- _Source data_:
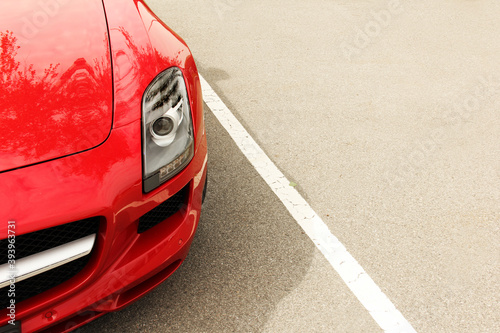 The front of a red car on a background of asphalt. Car headlights. Luxury Headlights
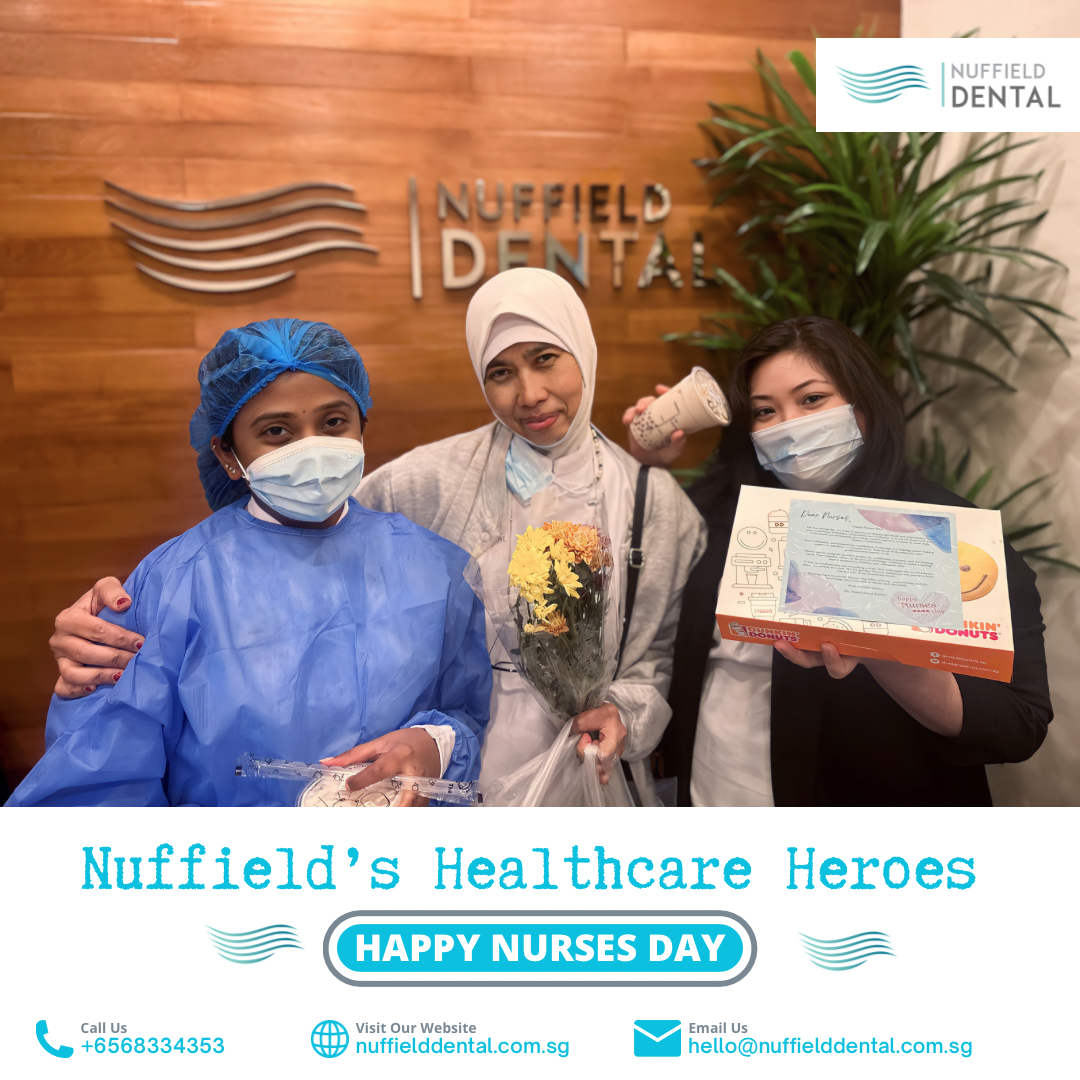 Three individuals, including Nuffield Dental staff, celebrating Nurses Day with gifts and flowers.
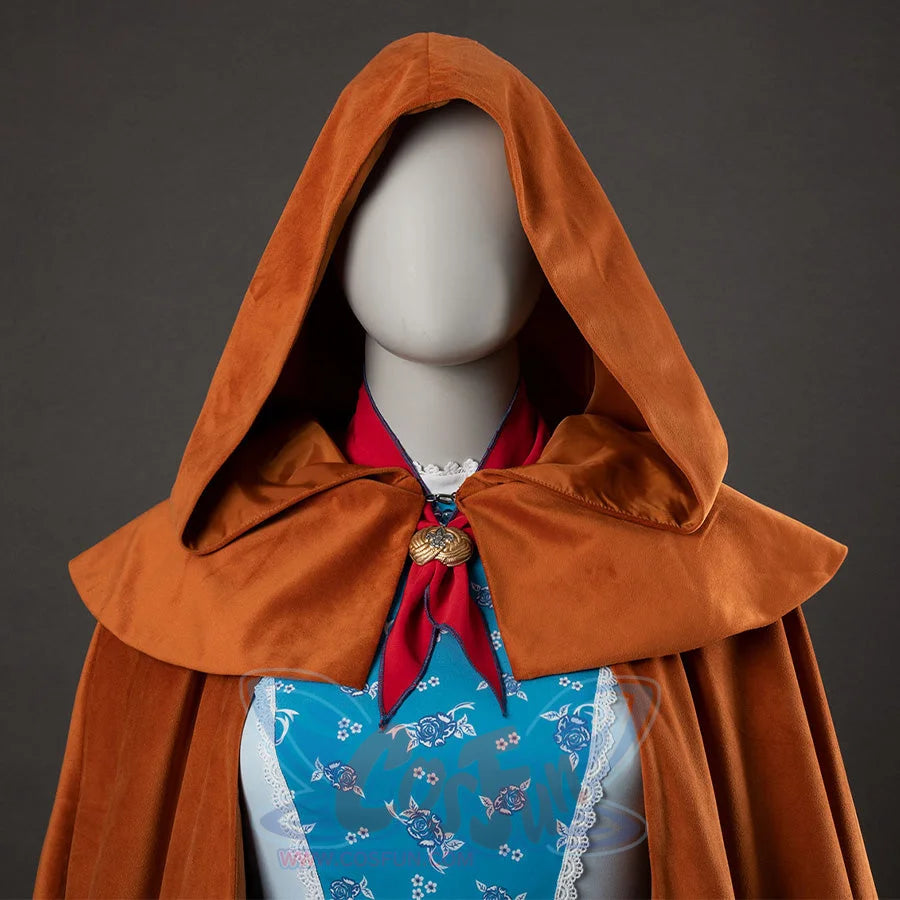 Holly cosplay yellow-brown hooded cloak close-up with red bow and blue floral dress visible underneath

- _Work to be completed_:
Skip every picture and transcribe the data above exactly.

- _Answer to the problem_:
 The front of a red car on a background of asphalt. Car headlights. Luxury Headlights
 Three individuals, including Nuffield Dental staff, celebrating Nurses Day with gifts and flowers.
 Holly cosplay yellow-brown hooded cloak close-up with red bow and blue floral dress visible underneath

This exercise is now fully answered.